Effluent collection and characterization

Textile effluent originating from the Mangalam textile industry was collected before treatment from a Green Environment CETP located in Vatwa, Ahmedabad (India). The effluents were stored at 4 °C to avoid changes in its characteristics during storage. Physiochemical and elemental characteristics of collected textile effluent (used in the present study) was pH 6.86 ± 0.1; EC (μS cm−1) 438 ± 0.43; BOD5 (at 20 °C) (mg l−1) 688 ± 1.08; Fe (mg l−1) 1.2 ± 0.063; Zn (mg l−1) 2.16 ± 2.26; Mn (mg l−1) 1.1 ± 0.05; Cr (mg l−1) 4.22 ± 2.34; Pb (mg l−1) ND; Cd (mg l−1) 1.3 ± 0.004; Cu (mg l−1) 1.3 ± 0.002) as described in our previous report (Singh and Rathore 2018).

Plant growth analysis

The simple index of plant growth is the rate of changes which is measured as specific leaf weight (SLW), absolute growth rate (AGR) and total plant biomass (g). Plants were randomly harvested from each treatment including control of both cultivars. The plants were thoroughly washed by distilled water and separated into leaf, stem and root for measurement of length, biomass and leaf area. For biomass, plant parts were oven dried at 80 °C until a constant weight was achieved.

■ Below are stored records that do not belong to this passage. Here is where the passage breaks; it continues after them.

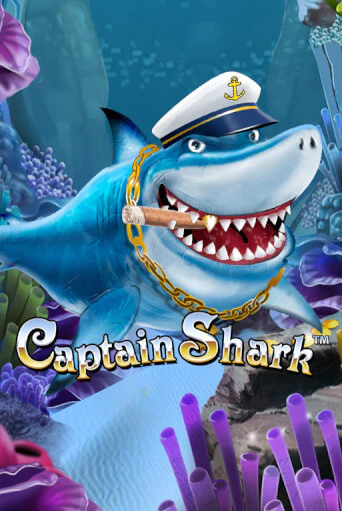 Бесплатная версия игры Captain Shark | Champion Slots KZ 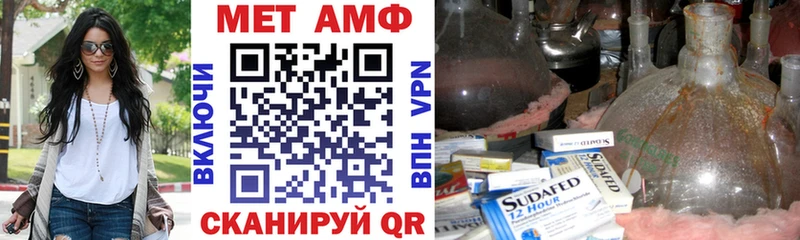 АМФЕТАМИН Premium  где найти   Альметьевск 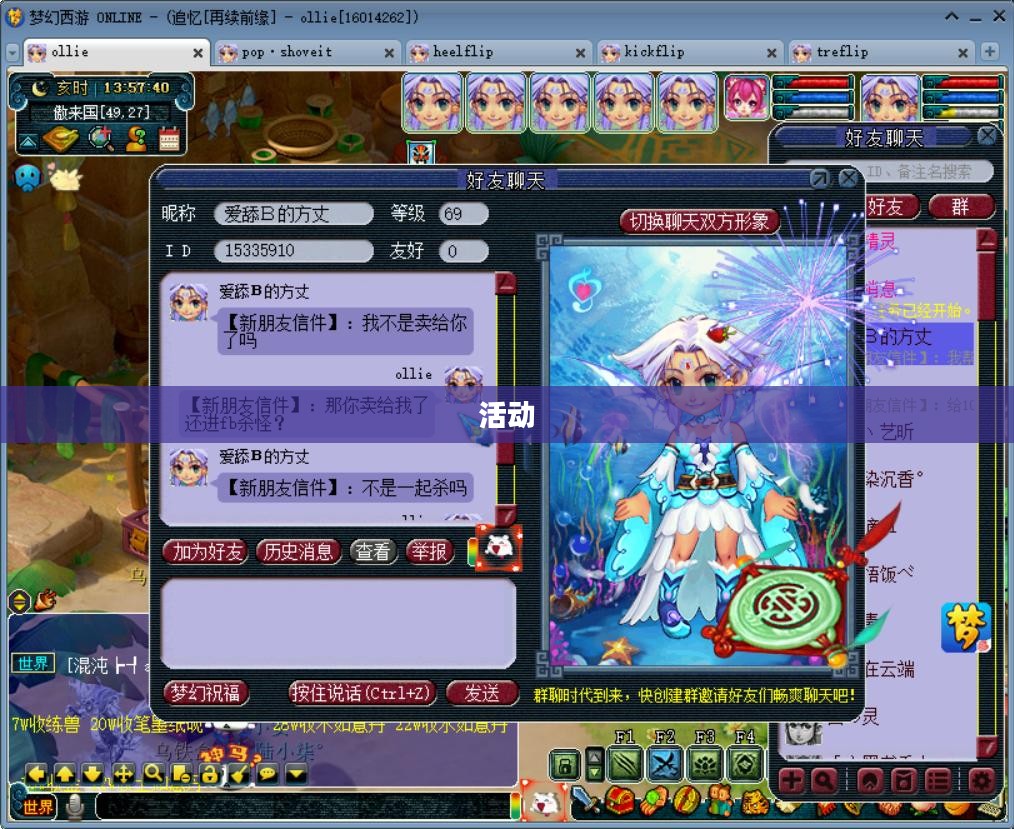 梦幻愚人节活动 梦幻愚人节活动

SLW of the wheat cultivars were calculated by a formula described by Syvertsen et al. (1980).

$$ \mathrm{SLW}\left(\mathrm{g}\ {\mathrm{cm}}^{-2}\right)=\left[\mathrm{LDW}/\mathrm{LA}\right] $$

where LDW is the leaf dry weight (g) and LA is leaf area (cm−1) respectively.

The absolute growth rate (AGR) was calculated according to Radford (1967) with little modification as follows:

$$ \mathrm{AGR}\left(\mathrm{cm}\ {\mathrm{day}}^{-1}\right)=\left({\mathrm{H}}_2\hbox{--} {\mathrm{H}}_1\right)/\left({\mathrm{T}}_2\hbox{--} {\mathrm{T}}_1\right) $$

where H1 and H2 are the total plant lengths (cm) at times (days) T1 and T2, respectively.

Determination of photosynthetic activity

Photosynthetic activity was determined from 0.5 g of leaf from each treatment including control. Leaves were homogenized with 10 mL of chilled 80% acetone and the extract was centrifuged at 5000× for 10 min. Obtained supernatant was collected and make up to 10 mL with 80% acetone. The absorbance of supernatant was read at 645 and 663 nm considering 80% acetone as blank. Estimation of chlorophyll ‘a’ and ‘b’, Chl a/b ratio and total chlorophyll was calculated by the formula described by Goodwin (1976).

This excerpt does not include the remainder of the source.